Why Good People Have Trouble Getting Along
on July 2, 2013
Lately I’ve have a lot of people ask me what I’m reading, so I’ve decided to post my latest books.
I’m almost done with Jonathan Haidt’s, The Righteous Mind. I can’t recommend this one enough.
As America descends deeper into polarization and paralysis, social psychologist Jonathan Haidt has done the seemingly impossible—challenged conventional thinking about morality, politics, and religion in a way that speaks to everyone on the political spectrum. Drawing on his twenty five years of groundbreaking research on moral psychology, he shows how moral judgments arise not from reason but from gut feelings. He shows why liberals, conservatives, and libertarians have such different intuitions about right and wrong, and he shows why each side is actually right about many of its central concerns. In this subtle yet accessible book, Haidt gives you the key to understanding the miracle of human cooperation, as well as the curse of our eternal divisions and conflicts. If you’re ready to trade in anger for understanding, read The Righteous Mind.
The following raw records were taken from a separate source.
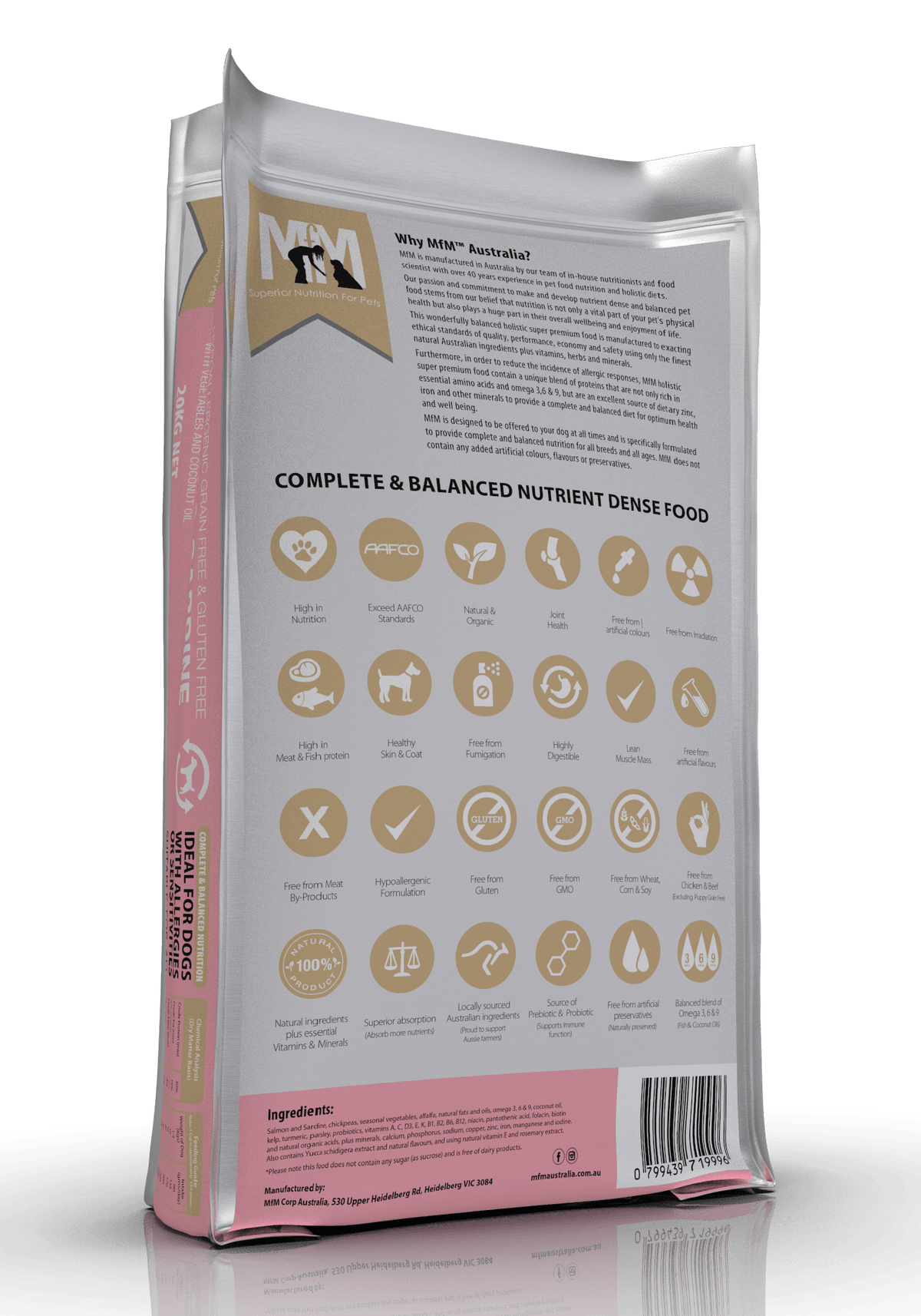 Meals For Mutts Dog Dry Food Default Meals For Mutts Dog Grain Free Salmon & Sardine 20Kg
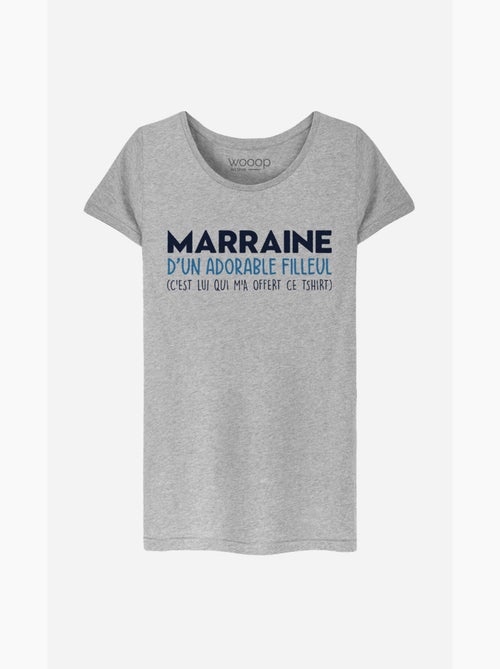 T-shirt Femme - MARRAINE D'UN ADORABLE FILLEUL - Kiabi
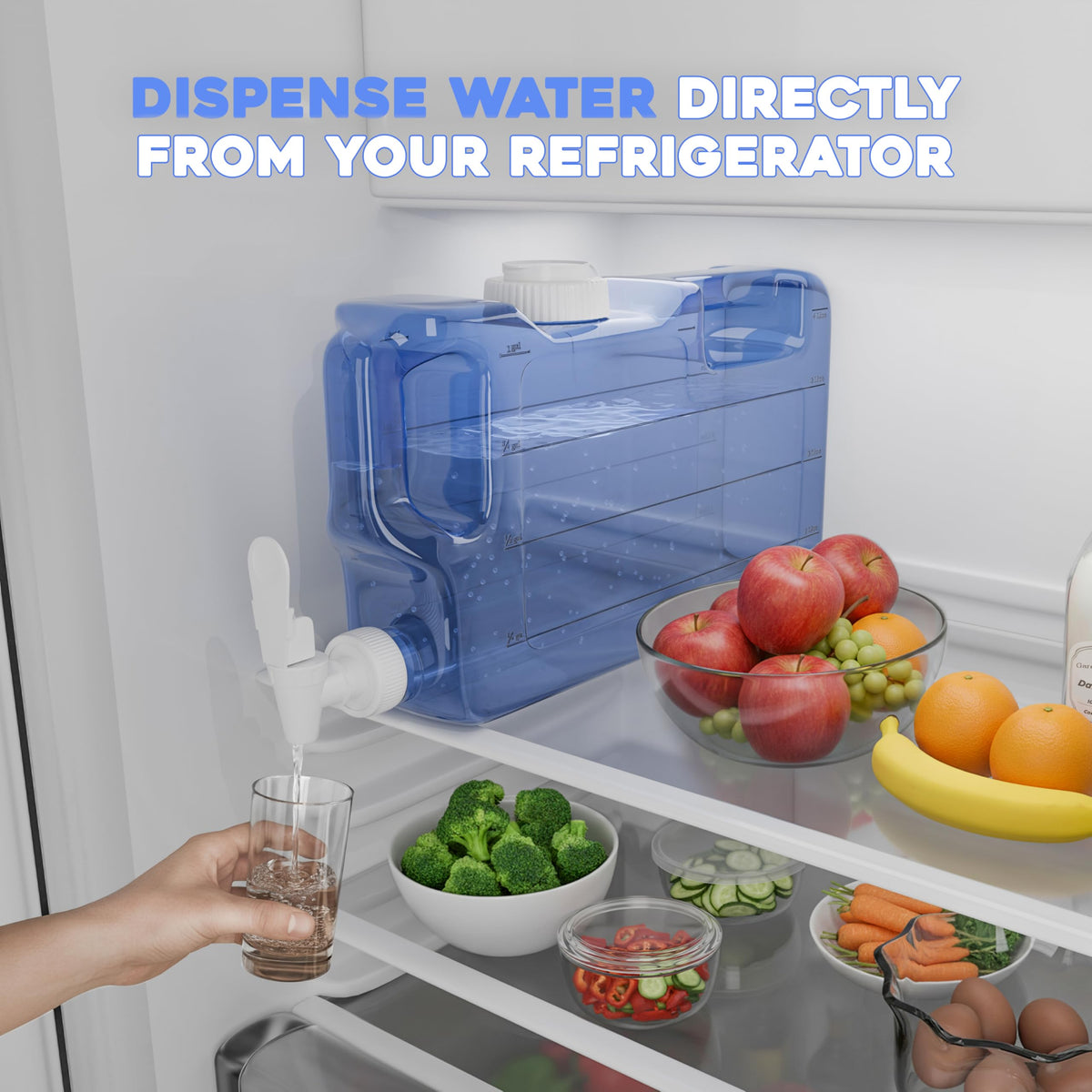 1.1 Gallon Water Dispenser Bottle with Spigot J404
It’s a great read, and does an excellent job in breaking down the complex into bite size chunks that are easily understood. I highly recommend this book to anyone that wants some insight into being a more open minded person—who doesn’t?
Haidt’s book is one of my new favorites, and has some similarities to one of my all-time favorite books. The Tree of Knowledge literally changed the way I look at the World. Warning: it’s a literary journey that’s not for the faint of heart. Hell, it took me a year to read, and that was in a study group of four. Full description below.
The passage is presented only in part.